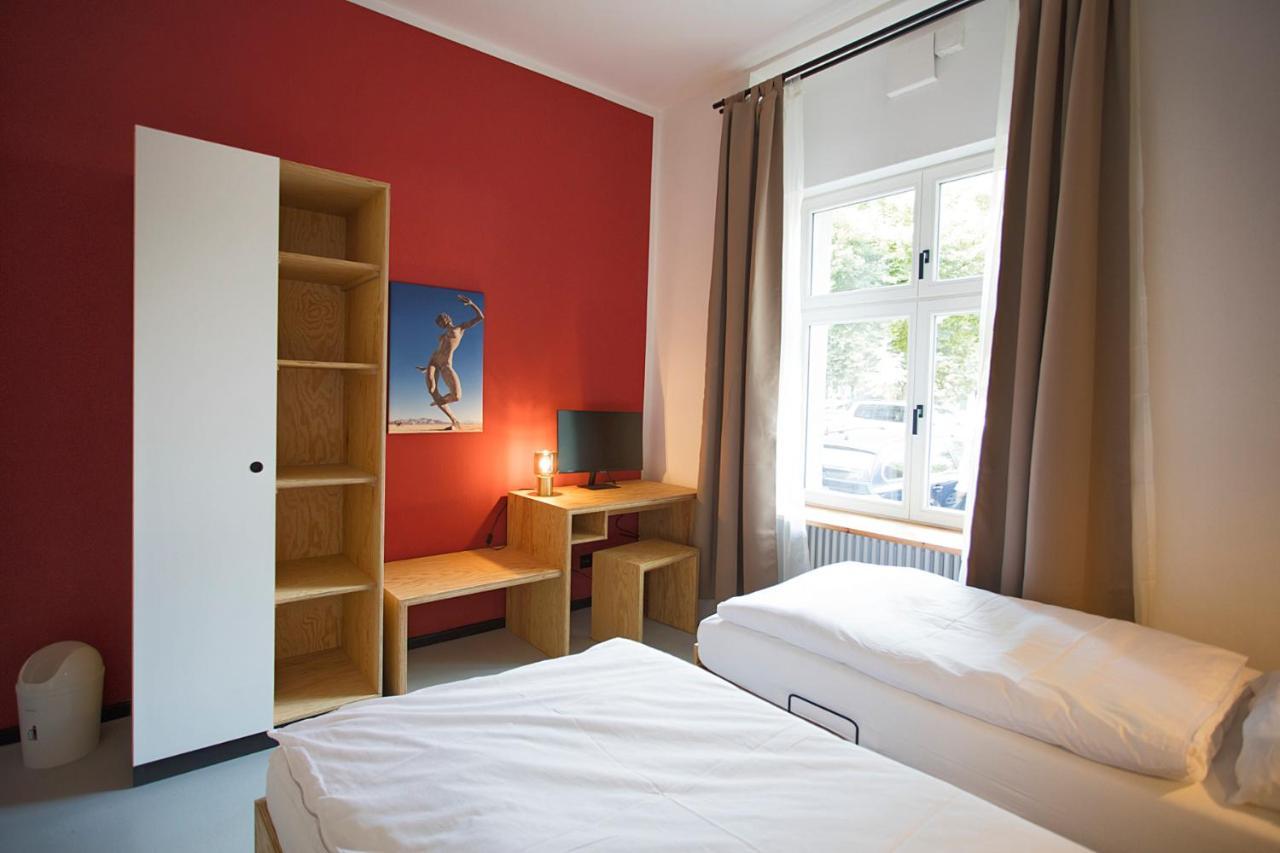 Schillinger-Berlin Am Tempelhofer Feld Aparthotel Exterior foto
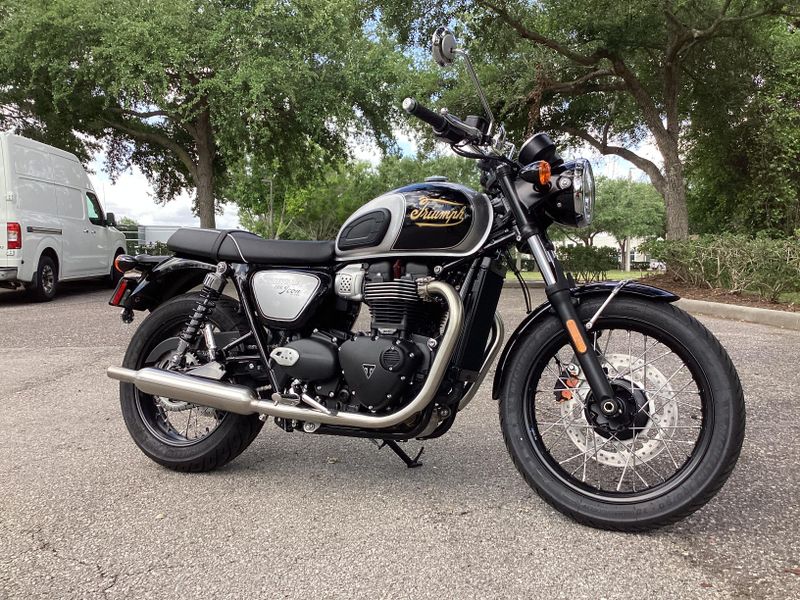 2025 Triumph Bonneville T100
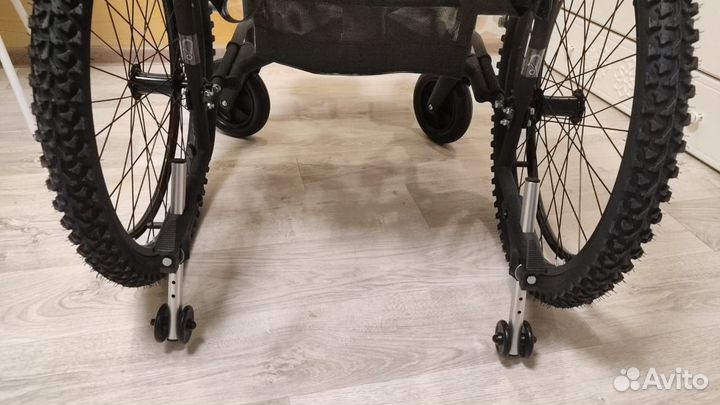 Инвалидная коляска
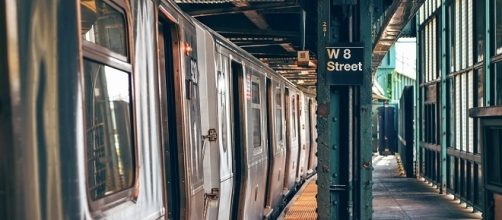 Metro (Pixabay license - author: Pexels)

--

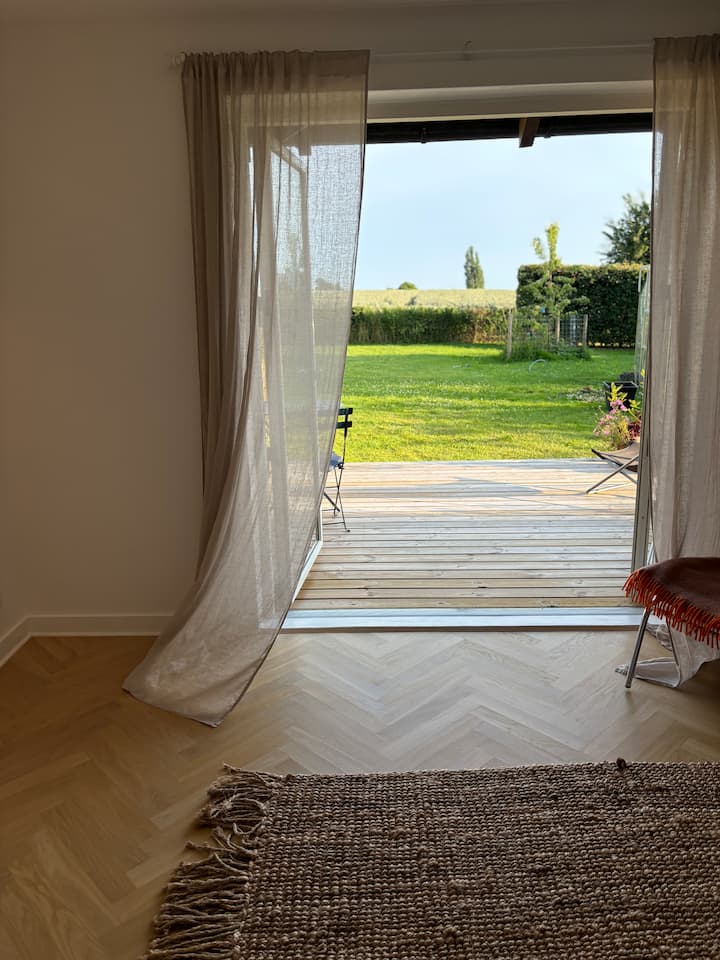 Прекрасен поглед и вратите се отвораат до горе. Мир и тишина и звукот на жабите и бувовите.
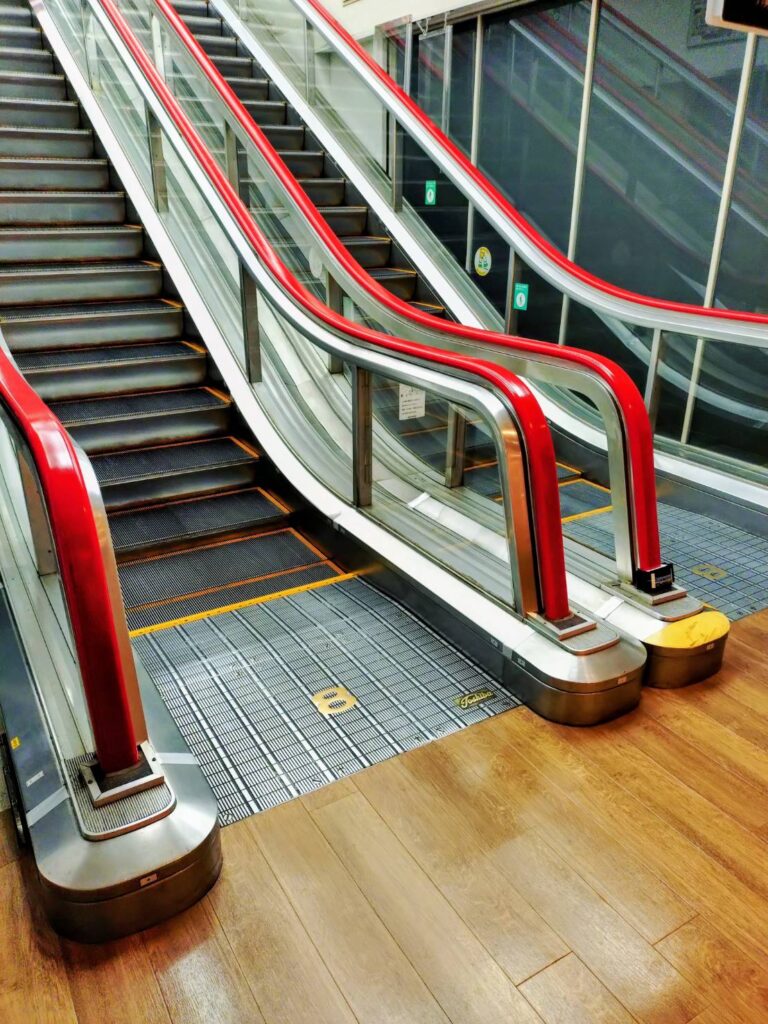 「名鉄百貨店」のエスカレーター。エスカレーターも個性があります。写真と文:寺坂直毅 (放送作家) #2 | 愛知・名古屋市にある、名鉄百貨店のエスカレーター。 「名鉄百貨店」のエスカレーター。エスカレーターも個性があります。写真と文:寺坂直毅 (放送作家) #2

...

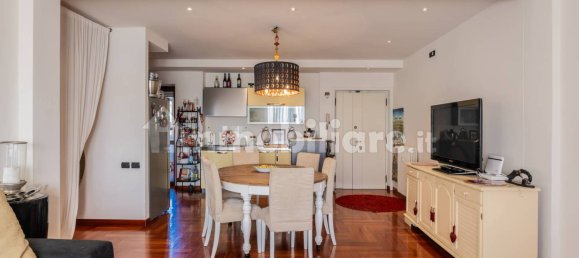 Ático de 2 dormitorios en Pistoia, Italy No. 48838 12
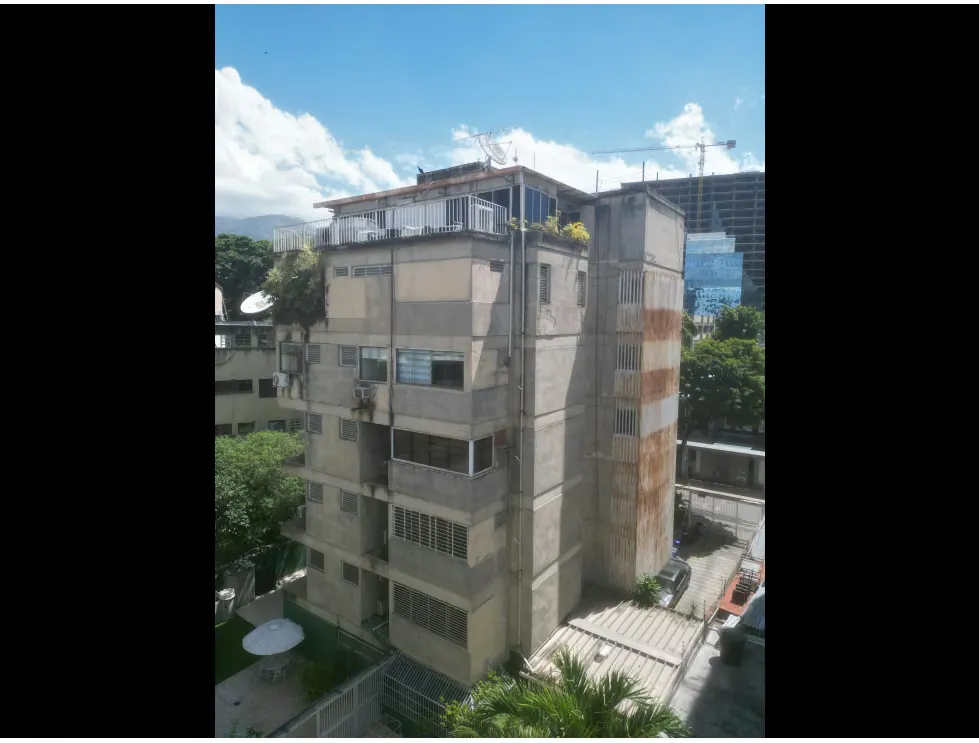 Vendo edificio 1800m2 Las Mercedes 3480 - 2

(PROBLEM DETAILS)
In the listing above, find the line with "2025 Triumph Bonneville T100" and the line with "Metro (Pixabay license - author: Pexels)". Set down both and every line between them, minus the pictures.

(RESPONSE BELOW)
 2025 Triumph Bonneville T100
 Инвалидная коляска
 Metro (Pixabay license - author: Pexels)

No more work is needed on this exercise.